Because you're absolutely right - a lot of men are living exactly what you described. They're paying to be controlled. They're sacrificing everything for someone who'd leave them the moment the money runs out. They're working themselves to death while putting on a fake smile pretending everything's fine.

That's not gentleman culture. That's just survival mode. And no one should have to live like that.

The goal isn't to go back to Scenario 1 - that ship has sailed, and honestly it had its own problems. The goal is to build Scenario 3: partnerships where both people contribute fairly, respect each other genuinely, and nobody gets drained dry.

Partnerships where if you're providing financially, you're appreciated for it - not expected to do it while also being controlled and questioned.

Partnerships where if she's working, her money and your money are treated with the same respect and fairness.

Partnerships where conversations about money, boundaries, and expectations don't make you the bad guy.

Partnerships where both people are building each other up, not one person draining the other.

We know you're hurting right now. Separation is hard, even when it's the right decision. Even when you know the relationship was toxic. There's still grief there. Still questions about what you could have done differently.

But from everything you've told us Fais - you didn't fail. You tried. You provided. You endured. You gave it your all. The relationship failed because it was built on an unfair foundation. One person taking, one person giving, and nothing in balance.

That's not on you. That's on a system that taught her she could have independence without responsibility, and taught you that enduring disrespect was "being a man."

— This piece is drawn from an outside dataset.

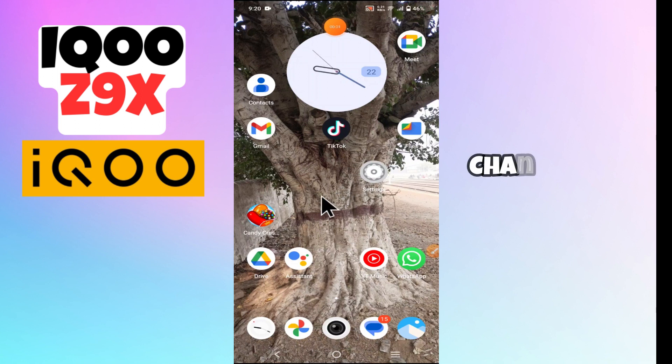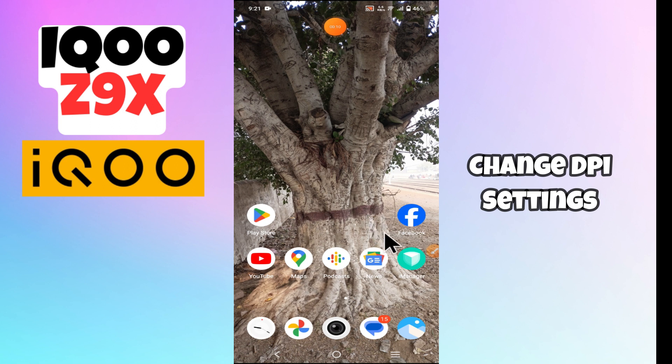Hello everyone, welcome back to my YouTube channel. In this video I'm going to show you how to manage DPI settings in your device IQC9X — how to change DPI settings.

Wishing you strength, brother.

You've been through hell - the separation, the realization, the conversations with other men who are struggling. That takes courage. To face it, to try to understand it, to want to help others avoid it.

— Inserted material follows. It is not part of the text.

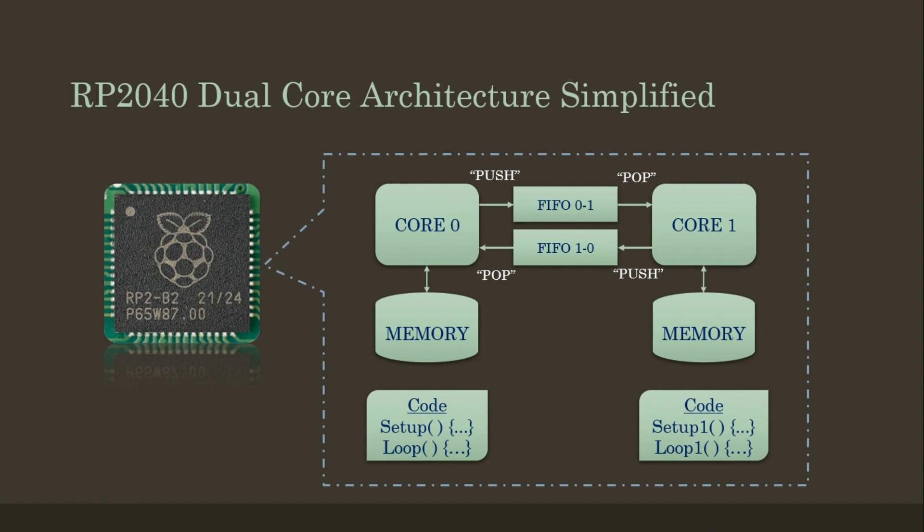If the Arduino sketch has only the setup and loop functions, the code will run on core 0. To involve the second core, we would require to add another set of setup and loop functions with a suffix 1 added to those functions, namely setup1 and loop1.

Whatever comes next in your life journey, we hope you find peace. We hope you find partnership that's actually fair - whether that's with someone new down the road or whether that's building a good life on your own terms.

Most of all, we hope you remember this: Asking for fairness doesn't make you less of a man. It makes you someone who knows his worth.

Take care of yourself. And let us know when you're ready to talk more.